# 1 Peter 3:18-21



## cih1355 (Feb 27, 2009)

1 Peter 3:18-21 says, "For Christ also died for sins once for all, the just for the unjust, so that He might bring us to God, having been put to death in the flesh, but made alive in the spirit; in which also He went and made proclamation to the spirits now in prison, who once were disobedient, when the patience of God kept waiting in the days of Noah, during the construction of the ark, in which a few, that is, eight persons, were brought safely through the water. Corresponding to that, baptism now saves you--not the removal of dirt from the flesh, but an appeal to God for a good conscience--through the resurrection of Jesus Christ"

When Peter says, "Baptism now saves you...", the phrase, "not the removal of dirt from the flesh, but an appeal to God for a good conscience", explains what that means. Could anyone explain what is meant by the phrase, "not the removal of dirt from the flesh, but an appeal to God for a good conscience"?


----------



## Ivan (Feb 27, 2009)

*bump*


----------



## Michael (Feb 27, 2009)

Perhaps there is more to this question but...

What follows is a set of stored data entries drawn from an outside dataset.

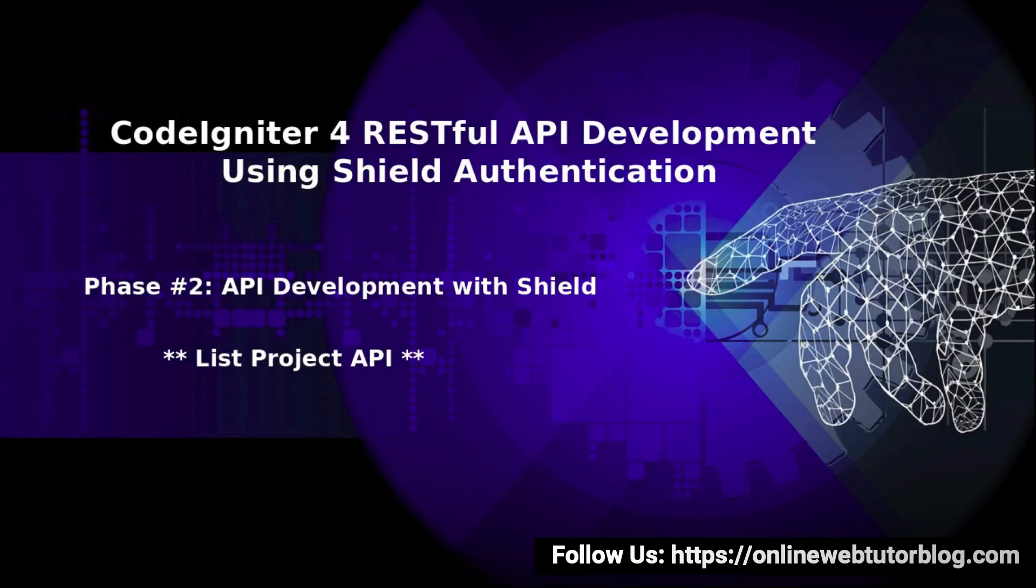Hello friends, welcome to the course of CodeIgniter 4 RESTful API development using Shield authentication. Inside this video, we will create List Project API.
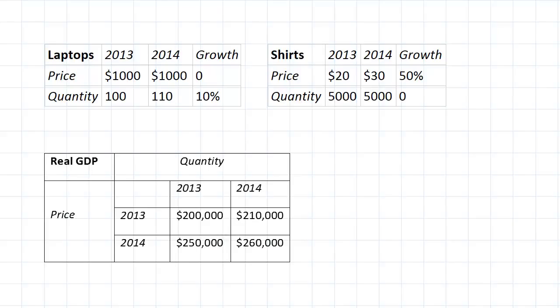So what was the growth in real GDP from 2013 to 2014?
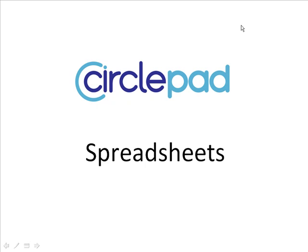Welcome to CirclePad, the Easy Website Builder. Today we're going to take a look at spreadsheets and how you can load them and use them in CirclePad.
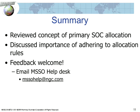In summary, in this videocast, we have reviewed the concept of primary SOC allocation in MedDRA, the reasons for it and the rules governing it. We have discussed the importance of adhering to these allocation rules in order to support the use of MedDRA as a regulatory standard. We hope that you have found this videocast informative and we welcome your feedback on it. If you have any suggestions for future videocast topics, please send them to the MSSO Help Desk at mssohelp@ngc.com. Thank you for viewing this videocast.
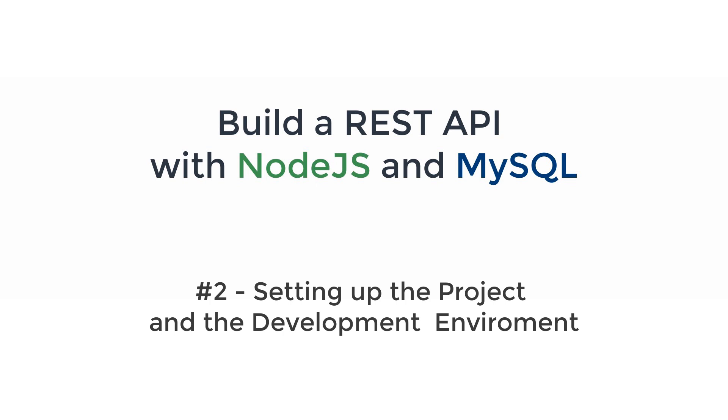Hey guys, it's Kodrosum here and welcome to part 2 of this series creating a REST API with Node.js and MySQL. In this video we're going to set up the development environment and the project. So let's get started.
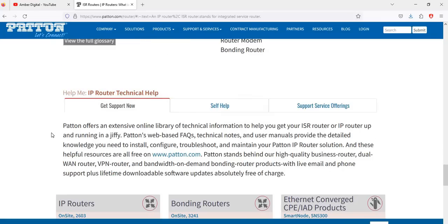The vendor offers extensive online ability technologies and technical information to help you get your ISR router or IP router up and running, including a web-based FAQ and technical notes. The user manual provides detailed knowledge you need to install, configure, troubleshoot, and maintain your IP router solution.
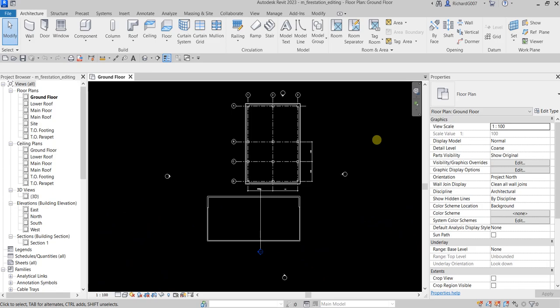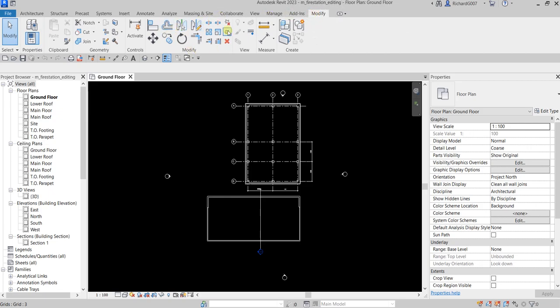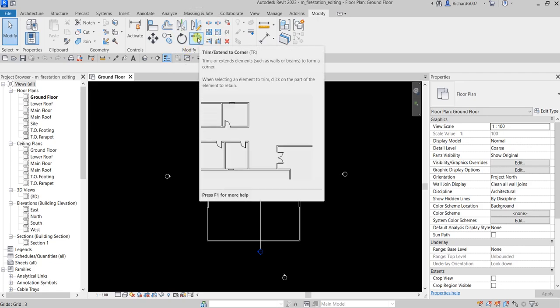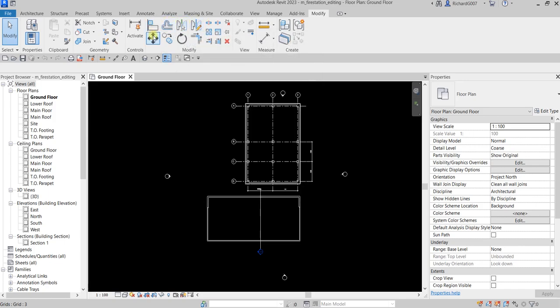What's up guys, Learning with Rich here. In this exercise we are going to add interior walls to our floor plan of our building model and we are going to learn the basics of adding and modifying walls using some of the tools that you can find on the modify tab, especially this trim extend to corner, but you'll be able to use also the other tools on our modify panel.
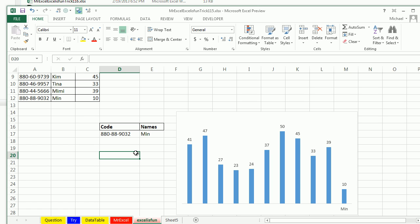All right. Well, there you go. Creating a chart that shows only the selected person's name. I want to thank everyone for stopping by. We'll see you next week for another Dueling Excel podcast from MrExcel and Excel is Fun.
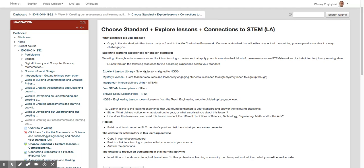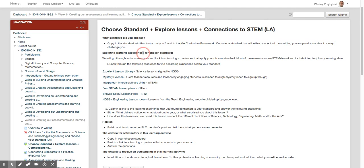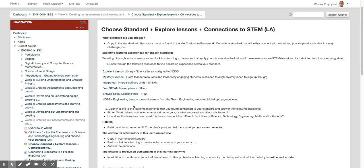So the first thing you'll do, like you always do, go to the curriculum frameworks and find the standard that you're going to choose. And then you'll look through all of these resources and try to find a lesson or a learning activity or some type of learning experience that is connected to your chosen standard.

Baptism is a symbol of the greater reality of the washing away of one's sin. The water does not save us by cleansing our flesh. It is representative of the Holy Spirit saving us through the finished work of Christ and making our scarlet sins as white as snow. And of course it is indeed the answer of a good conscience before God, a conscience set apart from that which lies outside his covenant.


----------



## A.J. (Feb 28, 2009)

cih1355 said:


> 1 Peter 3:18-21 says, "For Christ also died for sins once for all, the just for the unjust, so that He might bring us to God, having been put to death in the flesh, but made alive in the spirit; in which also He went and made proclamation to the spirits now in prison, who once were disobedient, when the patience of God kept waiting in the days of Noah, during the construction of the ark, in which a few, that is, eight persons, were brought safely through the water. Corresponding to that, baptism now saves you--not the removal of dirt from the flesh, but an appeal to God for a good conscience--through the resurrection of Jesus Christ"
> 
> When Peter says, "Baptism now saves you...", the phrase, "not the removal of dirt from the flesh, but an appeal to God for a good conscience", explains what that means. Could anyone explain what is meant by the phrase, "not the removal of dirt from the flesh, but an appeal to God for a good conscience"?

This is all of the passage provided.